When I heard that Pastor Ntakirutimana had been returned to his family in time for Christmas, I went back through my notes from Mugonero. I had forgotten that after my meetings with survivors, my translator, Arcene, asked me to go with him to the hospital chapel, where there had been a lot of killing; he wanted to pay homage to the dead, who were buried nearby in mass graves. We stood in silence in the empty chapel with its cement pews. On the floor below the altar sat four memorial coffins, draped in white sheets, painted with black crosses. “The people who did this,” Arcene said, “didn’t understand the idea of a country. What is a country? What is a human being? They had no understanding.”
Beware of those who speak of the spiral of history; they are preparing a boomerang. Keep a steel helmet handy.
—RALPH ELLISON
Invisible Man
IN THE FAMOUS story, the older brother, Cain, was a cultivator, and Abel, the younger, was a herdsman. They made their offerings to God—Cain from his crops, Abel from his herds. Abel’s portion won God’s regard; Cain’s did not. So Cain killed Abel.

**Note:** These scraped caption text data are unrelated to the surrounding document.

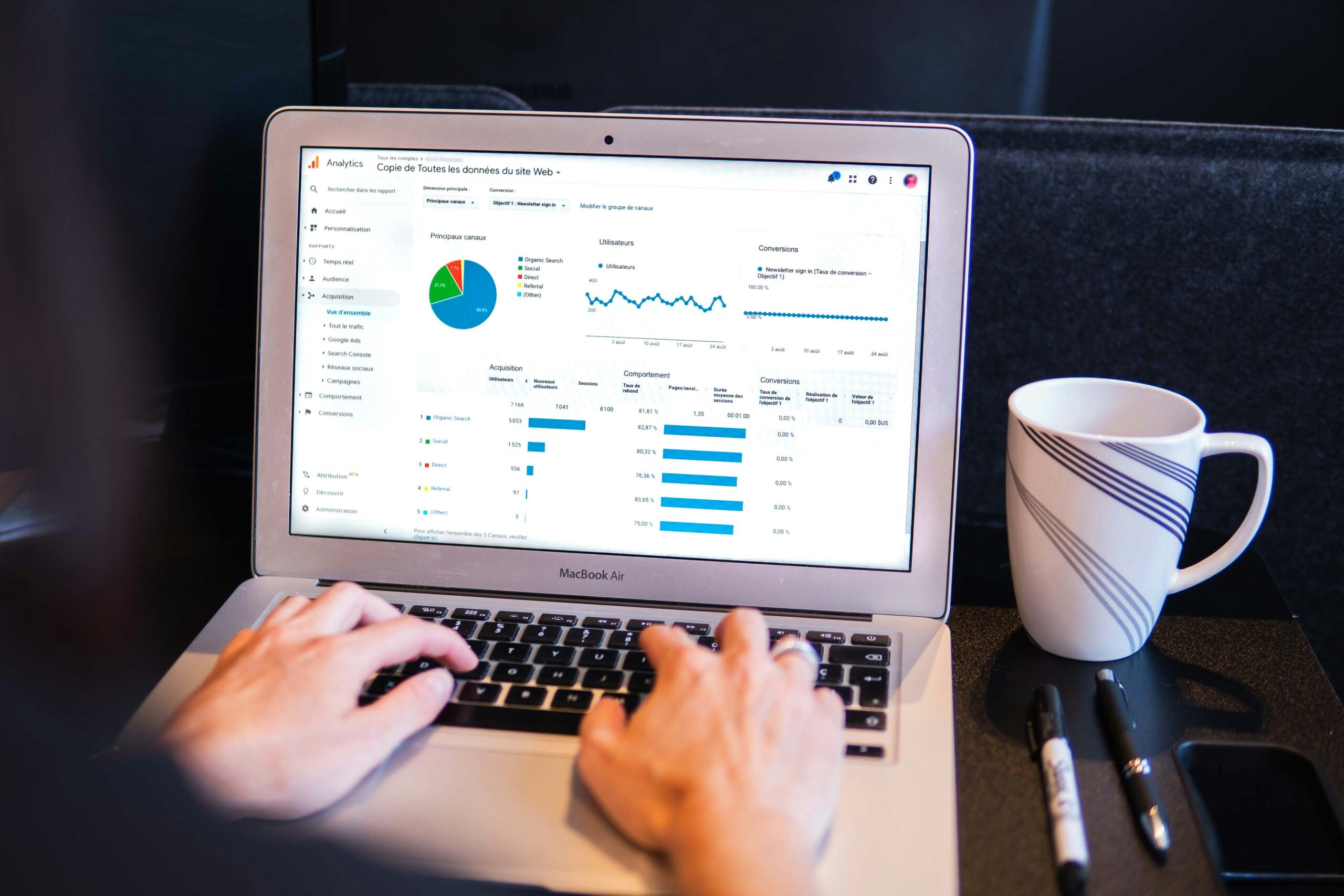 Leia mais sobre o artigo Big Data e Análise de Dados: Decisões Baseadas em Evidências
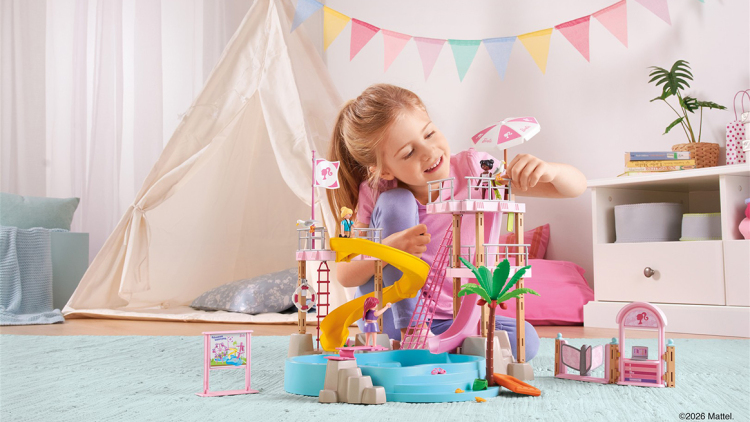 Η PLAYMOBIL και η Barbie™ ενώνουν τις δυνάμεις τους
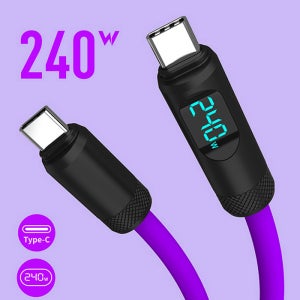 C타입 고속충전 케이블 핸드폰 맥북 노트북 240W 30분충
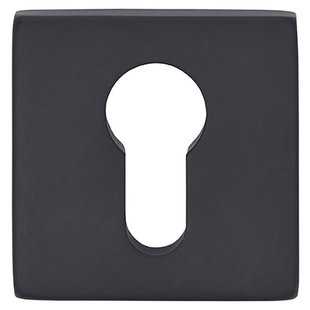 Cilinderrozet Houston mat zwart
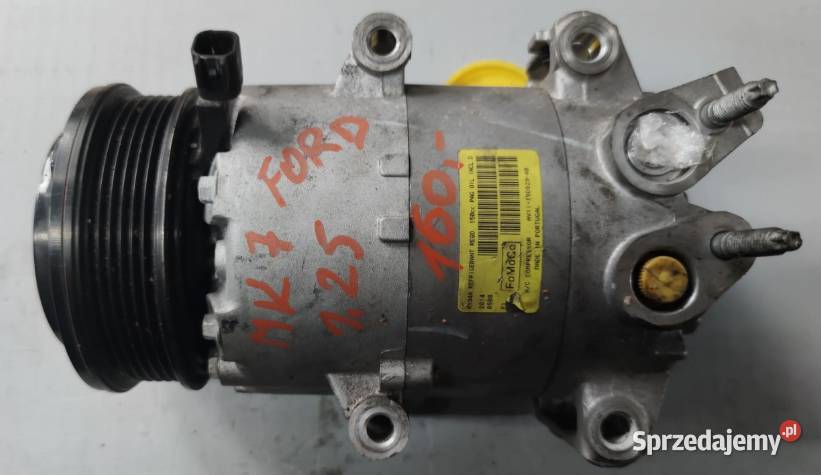 Sprężarka Klimatyzacji Ford 125B AV1L19D629AB Suchedniów
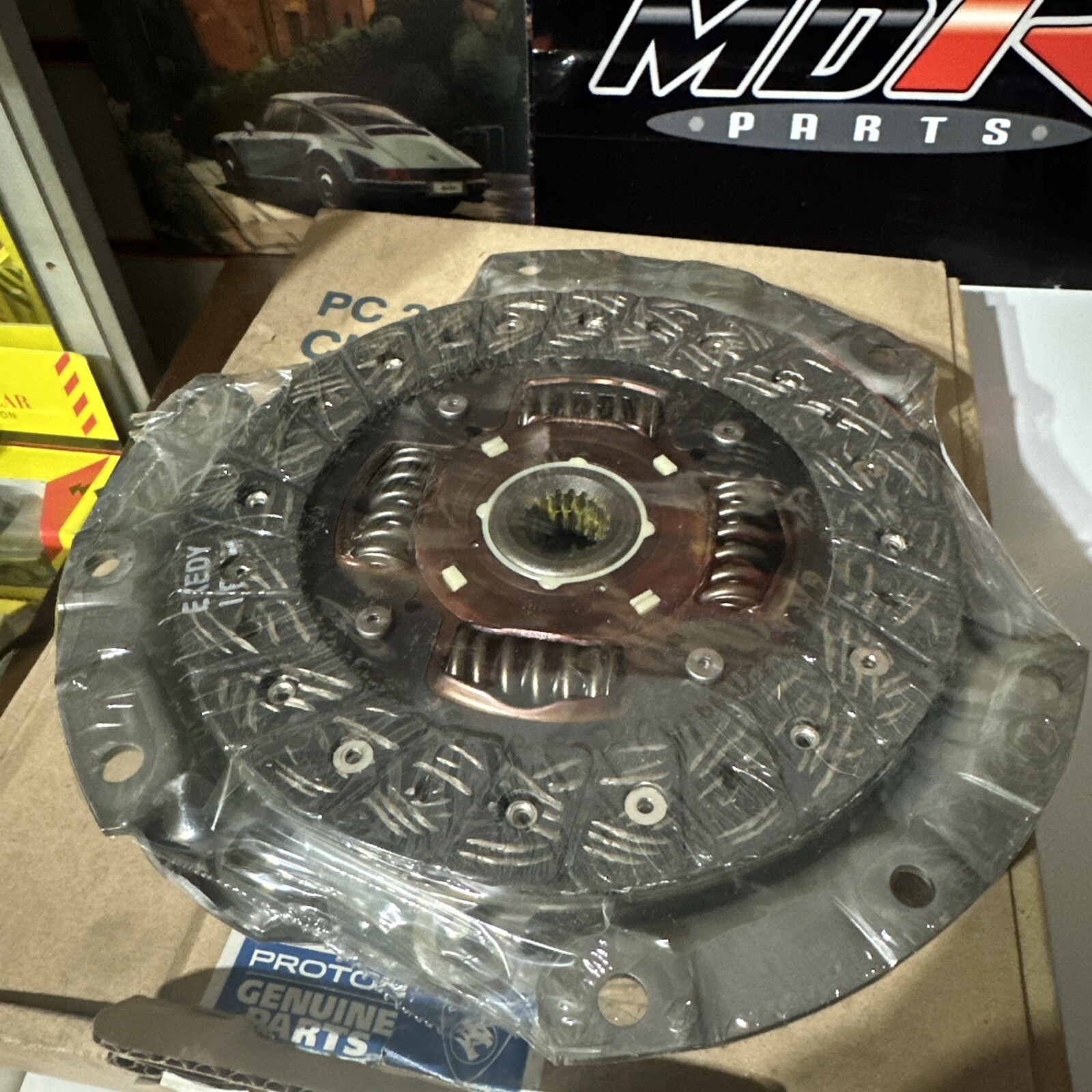 Genuine Proton 3 Piece Clutch Kit (18 Teeth) PC210102/PW550013 image 5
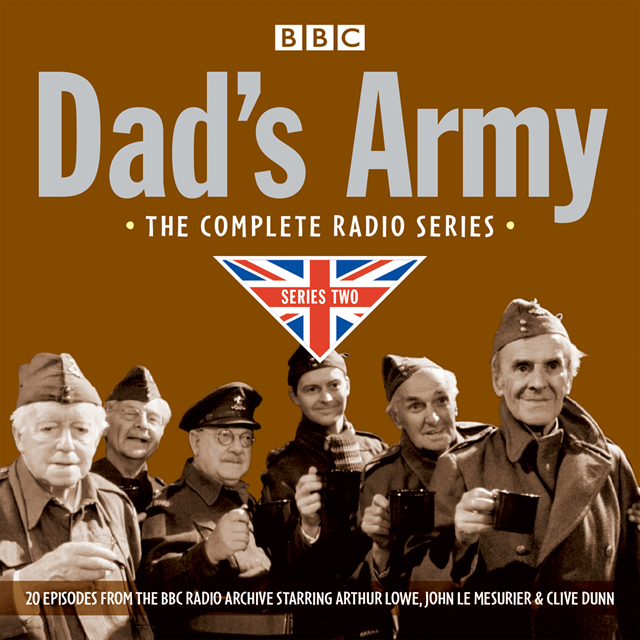 David Croft, Jimmy Perry - Dad's Army: Complete Radio Series Two, Ljudbok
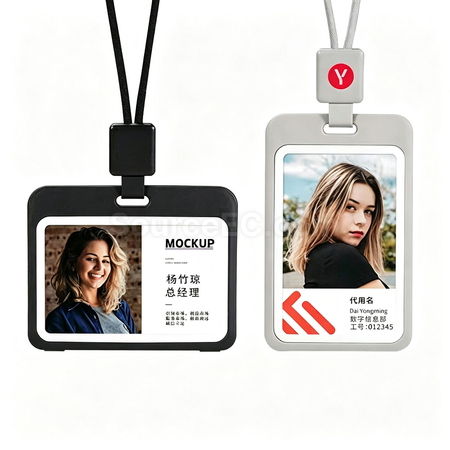 Customization Retractable Lanyard Card Holder Corporate Gifts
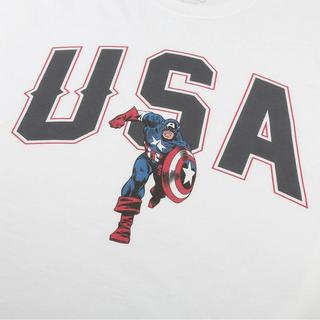 CAPTAIN AMERICA USA T-Shirt  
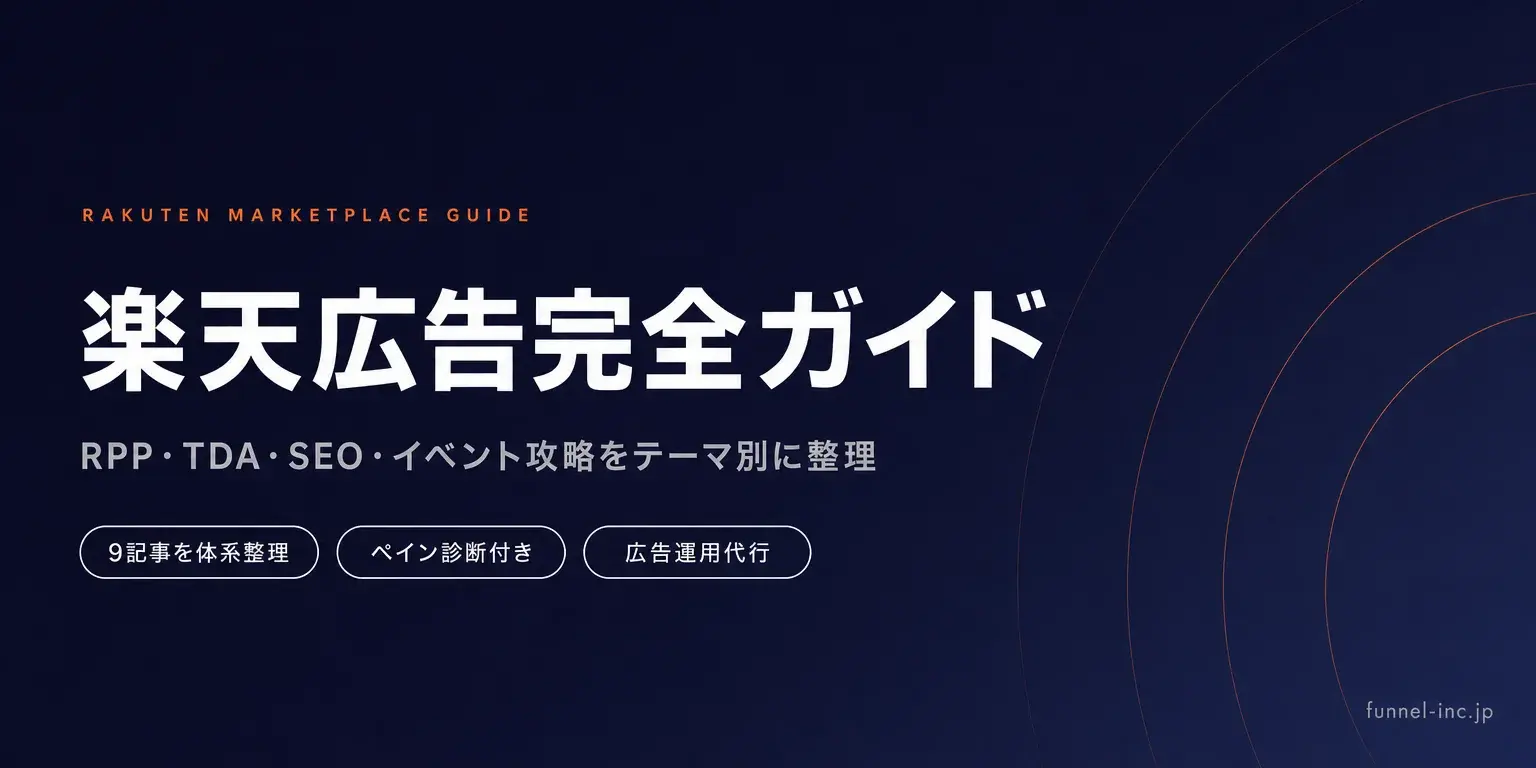 楽天市場 広告・SEO・運用の完全ガイド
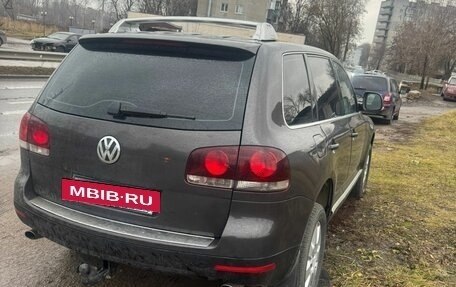 Volkswagen Touareg III, 2007 год, 910 000 рублей, 4 фотография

Rwanda, in the beginning, was settled by cave-dwelling pygmies whose descendants today are called the Twa people, a marginalized and disenfranchised group that counts for less than one percent of the population. Hutus and Tutsis came later, but their origins and the order of their immigrations are not accurately known. While convention holds that Hutus are a Bantu people who settled Rwanda first, coming from the south and west, and that Tutsis are a Nilotic people who migrated from the north and east, these theories draw more on legend than on documentable fact. With time, Hutus and Tutsis spoke the same language, followed the same religion, intermarried, and lived intermingled, without territorial distinctions, on the same hills, sharing the same social and political culture in small chiefdoms. The chiefs were called Mwamis, and some of them were Hutus, some Tutsis; Hutus and Tutsis fought together in the Mwamis’ armies; through marriage and clientage, Hutus could become hereditary Tutsis, and Tutsis could become hereditary Hutus. Because of all this mixing, ethnographers and historians have lately come to agree that Hutus and Tutsis cannot properly be called distinct ethnic groups.